Hari ini, tidak sedikit orang yang merasa hidupnya stagnan, pesimis, dan akhirnya begitu gampang menyerah. Halitu terjadi bukan karena mereka lemah. Tapi karena mereka terlalu lama dikelilingi oleh lingkungan bergaul yang pola pikirnya salah. Berada di pergaulan yang terus berada di sekitar keluhan, ketakutan, dan bahkan pembenaran diri. Tanpa diduga, berproses jadi kebiasaan yang menganggap semua itu sebagai hal yang wajar.
Kita sering lupa. Bahwa pikiran itu seperti tanah: apa pun yang ditanam di sana, akan tumbuh. Seperti apa kebiasaan sehari-hari ya akan begitulah cara berpikirnya terbentuk. Jika lingkungannya penuh racun, maka pikiran pun ikut tercemar. Maka hati-hati, lingkungan itu sangat berpengaruh dan mampu membentuk batas pikiran kita. Orang yang tumbuh di lingkungan optimis akan memandang kegagalan sebagai bagian dari perjalanan. Tapi orang yang hidup di lingkungan pesimis akan melihat kegagalan sebagai tanda "tidak berbakat." Lingkungan sangat menentukan di mana kita menggambar batas kemungkinan kita sendiri.
Sulit dibantah, lingkungan kita sangat menentukan. Mau optimis atau pesimis, mau yakin atau tidak yakin. Siapapun tidak bisa berpikir besar jika setiap harinya diisi obrolan tentang gosip, keluhan, atau ketakutan. Pikiran kita butuh ruang yang luas untuk tumbuh, tapi lingkungan yang sempit akan menutupinya dengan batas yang tidak terlihat. Jika kita ingin hidup naik level, langkah pertama bukan mencari motivasi, tapi mencari lingkungan yang memampukan pikiran kita untuk melampaui batas pikirannya sendiri.
Sudah pasti, lingkungan sangat menentukan cara kita melihat masalah. Ketika kita berada di lingkungan yang solutif, setiap masalah dianggap tantangan yang bisa dipecahkan. Tapi bila kita ada di lingkungan yang salah, masalah hanya jadi alasan untuk menyerah. Hanya ada dua cara melihat maslaah: 1) mencari jalan keluar atau 2) sekadar mencari kambing hitam. Semu aitu tergantung lingkungan kita, di mana kita bergaul.
Terus terang, bila kita hanya mendengar orang-orang yang berkata "hidup ini susah," kita akan mulai mengamini kalimat itu. Serba tidak bisa, tidak mampu atau sulit dilakukan maka sulitlah jadinya.

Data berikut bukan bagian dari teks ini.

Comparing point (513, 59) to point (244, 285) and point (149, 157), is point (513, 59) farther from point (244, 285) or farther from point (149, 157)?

Tapi jika kita berada di sekitar orang-orang yang berkata "hidup ini bisa dipelajari," kita akan belajar menghadapinya dengan kepala dingin. Selalu mencari solusi dari setiap keadaan yang sulit. Itulah perbedaan besar antara pikiran yang tumbuh dan pikiran yang tumpul: bukan pada IQ, tapi pada atmosfer yang membentuknya. Pada lingkungan di mana kita berada.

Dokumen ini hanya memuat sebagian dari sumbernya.